Dealing with them inevitably involves a massive transfer of funds from the centre.
The old mogul may have been boxed in to agreeing to spin off his newspapers, but he sure as hell isn't giving up on the inky business he loves. News Corp investors who celebrated wildly on news of the split this week might have been celebrating prematurely.
Shareholder value would have been better served by auctioning off the newspapers to the highest bidders, but that could only have happened over Mr Murdoch's dead body. Instead, the plan is to bundle them all – the Wall Street Journal and New York Post in the US, The Times, Sunday Times and Sun in the UK and a slew of Australian titles – with HarperCollins book publishing in a new company, so that News Corp proper can concentrate on its faster-growing and more profitable television and film businesses.
But the demerger plan was announced only half-baked on Thursday. Now the real fighting starts.
For starters, it is not clear that Mr Murdoch is fully on board. Nothing from the News Corp chairman suggests he thinks this is a final plan yet, and since the restructuring will take a year to do he could cool to the idea as quickly as he says he has warmed to it. The question of who will run the publishing business was left open, which is significant.
Most important of all, the financial details matter. The business plan for the publishing division matters. Its revenues have fallen four per cent so far this year, its profits are down 30 per cent, and analysts predict modest-to-scary declines in the business in future years.
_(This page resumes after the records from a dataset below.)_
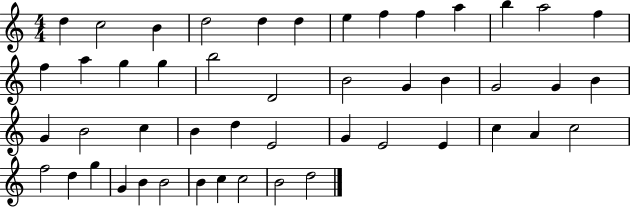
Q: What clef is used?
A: treble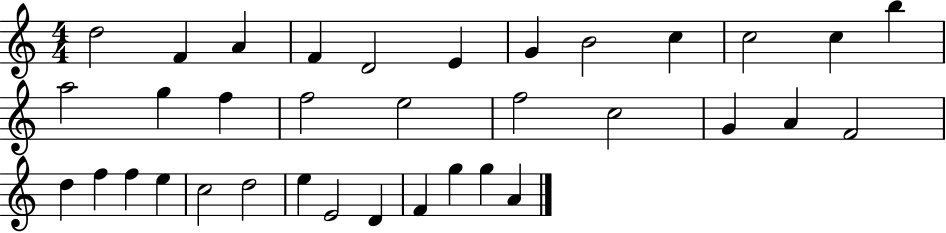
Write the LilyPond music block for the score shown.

{
  \clef treble
  \numericTimeSignature
  \time 4/4
  \key c \major
  d''2 f'4 a'4 | f'4 d'2 e'4 | g'4 b'2 c''4 | c''2 c''4 b''4 | \break a''2 g''4 f''4 | f''2 e''2 | f''2 c''2 | g'4 a'4 f'2 | \break d''4 f''4 f''4 e''4 | c''2 d''2 | e''4 e'2 d'4 | f'4 g''4 g''4 a'4 | \break \bar "|."
}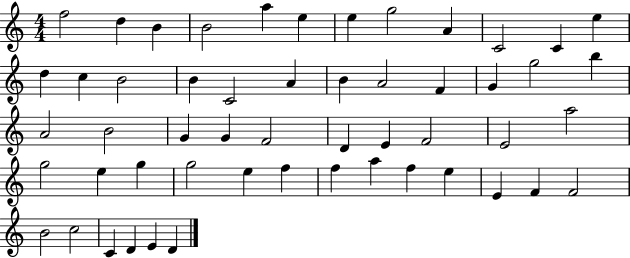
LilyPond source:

{
  \clef treble
  \numericTimeSignature
  \time 4/4
  \key c \major
  f''2 d''4 b'4 | b'2 a''4 e''4 | e''4 g''2 a'4 | c'2 c'4 e''4 | \break d''4 c''4 b'2 | b'4 c'2 a'4 | b'4 a'2 f'4 | g'4 g''2 b''4 | \break a'2 b'2 | g'4 g'4 f'2 | d'4 e'4 f'2 | e'2 a''2 | \break g''2 e''4 g''4 | g''2 e''4 f''4 | f''4 a''4 f''4 e''4 | e'4 f'4 f'2 | \break b'2 c''2 | c'4 d'4 e'4 d'4 | \bar "|."
}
Publishing is a challenged business. The printing presses make it, still, a relatively capital-intensive business. In fact, while publishing accounts for about 14 per cent of News Corp earnings, before interest, tax and write-downs, it accounts for about 40 per cent of capital expenditure.
For all these reasons, News Corp shareholders want shot of the publishing division and are likely to dump shares in the new-born publishing company the minute they get them. The stock could plunge and keep plunging.
Meanwhile, the newspapers will no longer be a largely financially irrelevant part of a giant media conglomerate; the pressure to get a grip on their declining fortunes will be intense, and the cost-cutting could be savage. It's little wonder that journalists I've talked to from The Times and the Wall Street Journal see the demerger as nothing but bad news.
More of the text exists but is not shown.